On Monday afternoon I rang a Wall Street friend who used to work at Lehman Brothers. ‘What’s the mood?’ I asked him. ‘Do you think this is the turning point?’
‘Hold on a moment,’ he replied. ‘Let me just climb back in off the window ledge.’ There was a pause, then a nervous chuckle. For the half-second of that pause, I actually wondered whether he was serious. And that was just Monday: since then, things have got really frightening.
The former Federal Reserve chairman Alan Greenspan says the current financial crisis is ‘a once-in-a-half-century, probably once-in-a-century type of event’, but he’s wrong. There has never been a situation like this: the global interconnectedness of today’s markets, the speed of internet communication, the extent to which markets impact on ordinary folks’ pensions, savings and aspirations of home ownership, all make this utterly different to 1929 in New York or 1866 in London.

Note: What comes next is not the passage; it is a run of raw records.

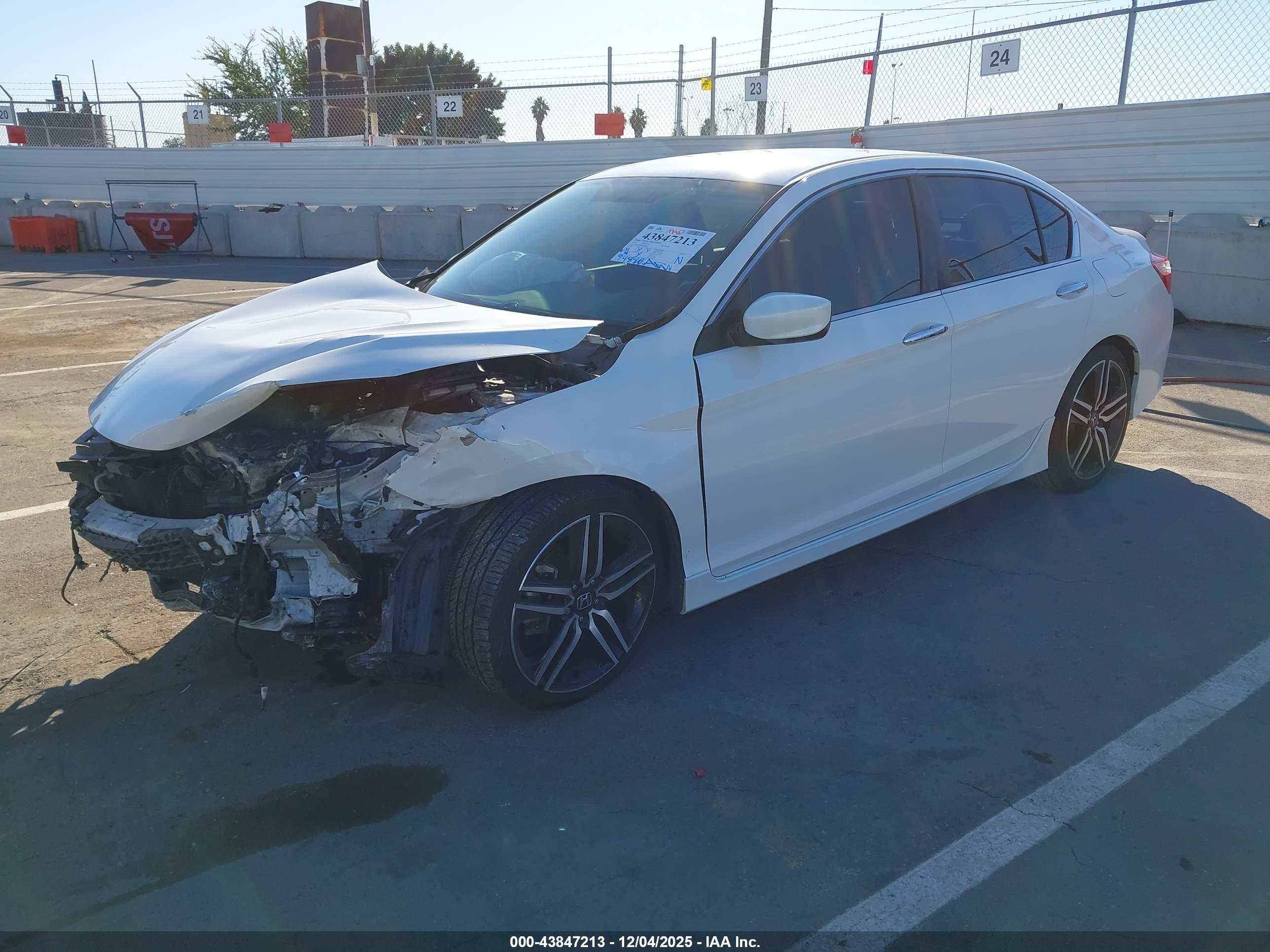 HONDA ACCORD image 2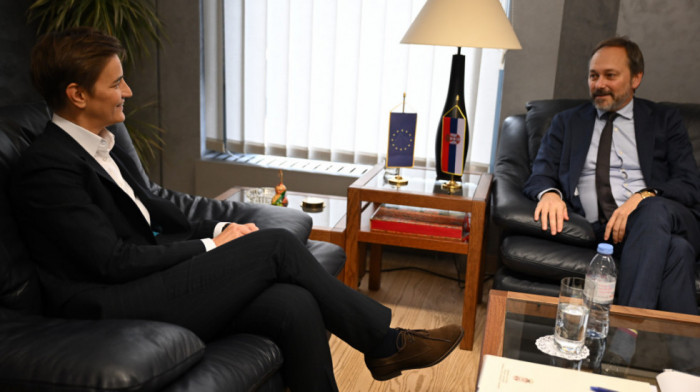 Brnabić: Zadovljstvo razgovarati sa Žiofreom, poznaje Srbiju i njen evropski put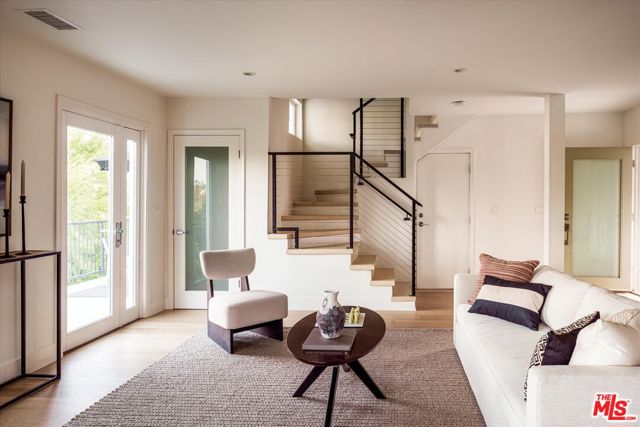 2162 Lyric Avenue, Los Angeles CA: https://media.crmls.org/mediaz/2456c4b3-82c7-4668-a7cd-2cee950fed2d.jpg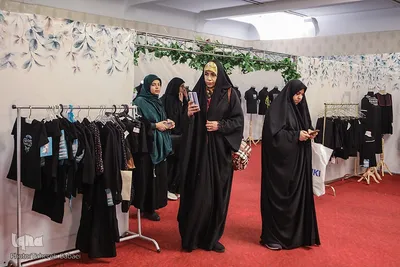 افتتاح رویداد برکت دیدار با نمایش ۳۰۰ لباس محرمی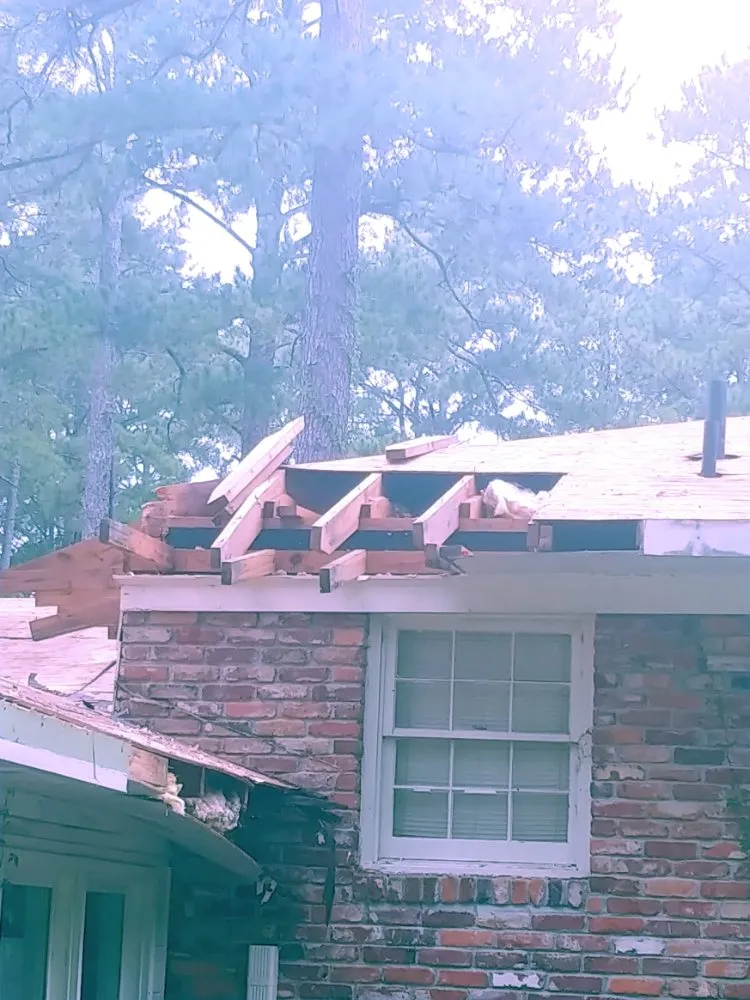 Emergency residential roofing service experts serving Lizella, GA - Farr Roofing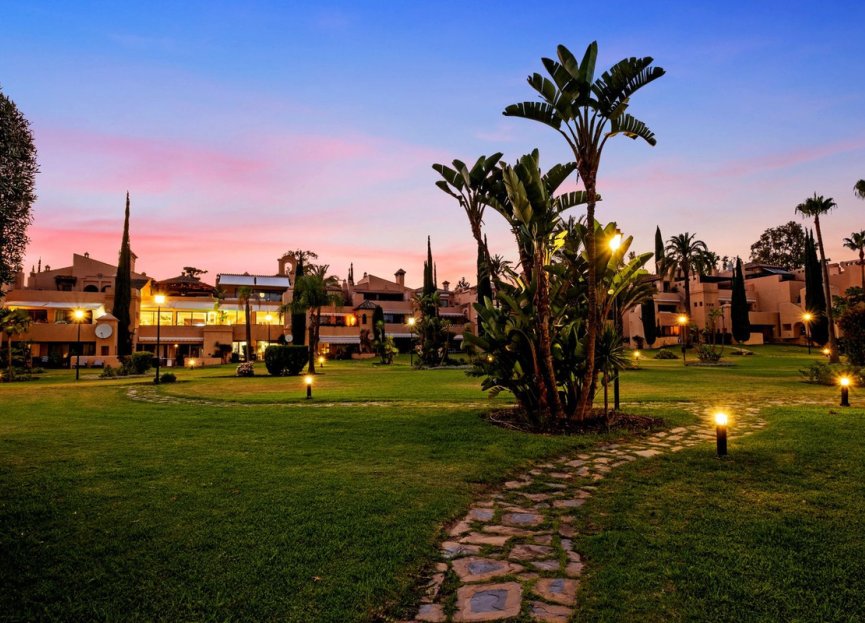 Resale - Ground floor apartment - Estepona - New Golden Mile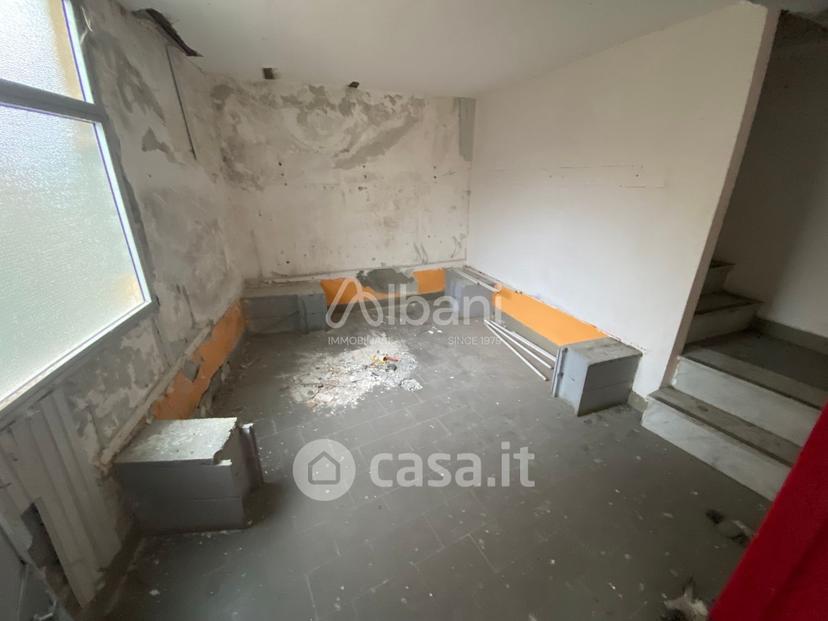 Appartamento in Via XX Settembre 35 — foto 25 di 44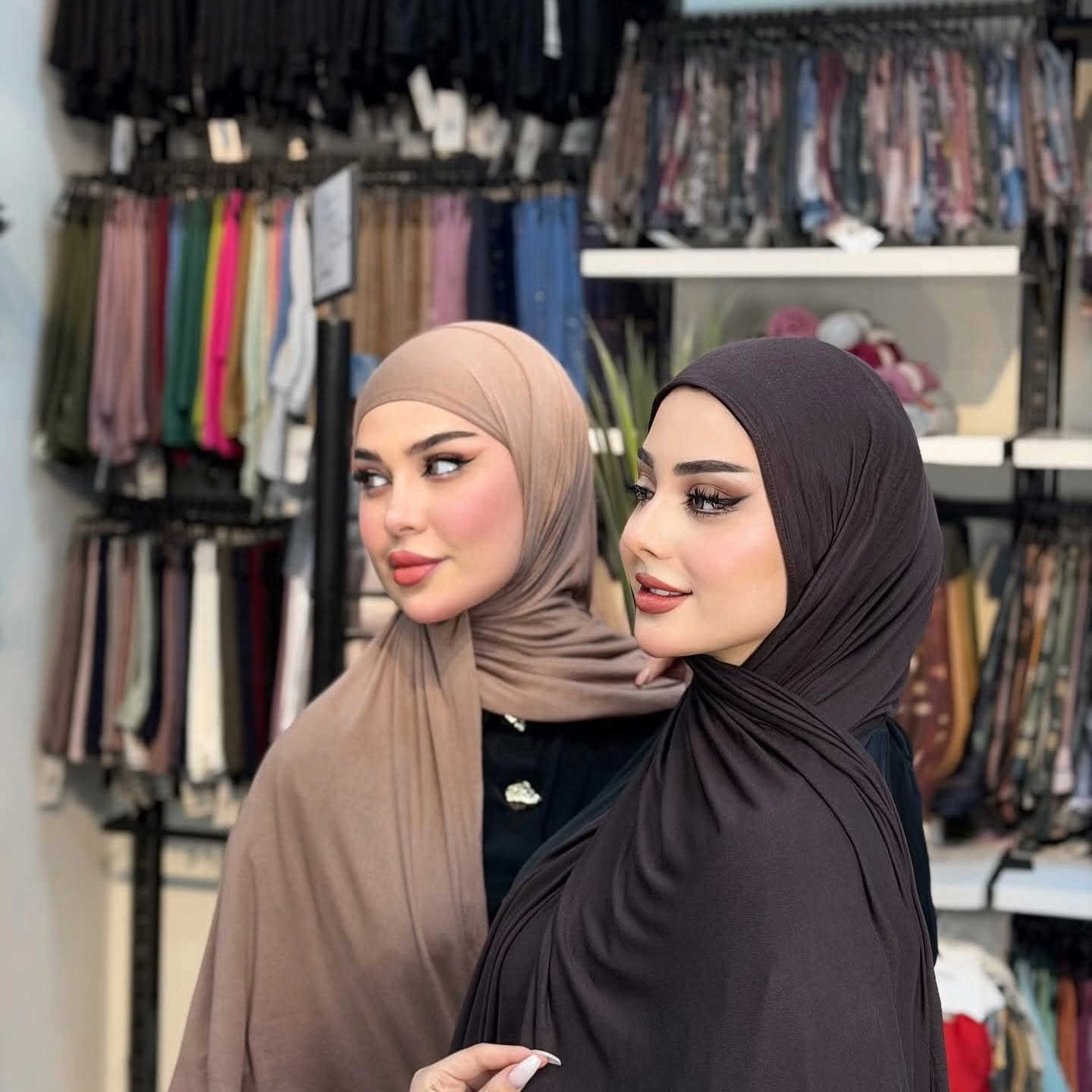 #حجابات_ماركة_عنوان_الاناقه🌸
لأن الشال مو مجرد قطعة… هو لمسة أناقة تكمل إطلالتك 💕
#دلاليد
___________________________

‎زورونا  في موقعنا الكائن 👇👇👇
‎الانبار_هيت_حي الجمعية _ مقابل مدرسه الصمد

#للحجز_السريع_واتساب ***********

صفحتنا عبر الانستغرام

Marka_shal
‎يتوفر خدمه توصيل لكافه انحاء العراق 🚙🚕🚗
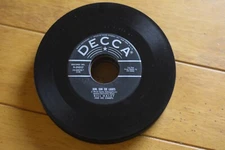 BILL HALEY "DIM THE LIGHTS / HAPPY BABY" 45 RPM 7" SINGLE G+ RECORD [D31-33]
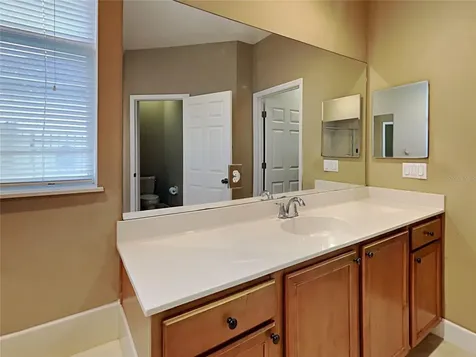 589 Errol Parkway Apopka FL 32712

The pace and reach of the contagion is astonishing. The US insurance giant AIG, an icon of financial sophistication, went from rumour to rescue in 24 hours. By the time you read this, the spotlight in the US may have shifted to Washington Mutual — a Seattle-based savings and loan association that turns out to be America’s sixth largest bank, and may or may not be seriously strapped for cash.
On this side of the Atlantic, all eyes are on HBOS, the merger of Halifax and Bank of Scotland which is the biggest UK mortgage lender, and which has seen half of its market value wiped out by short-selling share speculators in the past few days. No serious commentator believes HBOS is about to be ruined by its domestic mortgage book — and yet rumour feeding upon rumour, malicious or innocent, could rapidly cripple its ability to fund itself.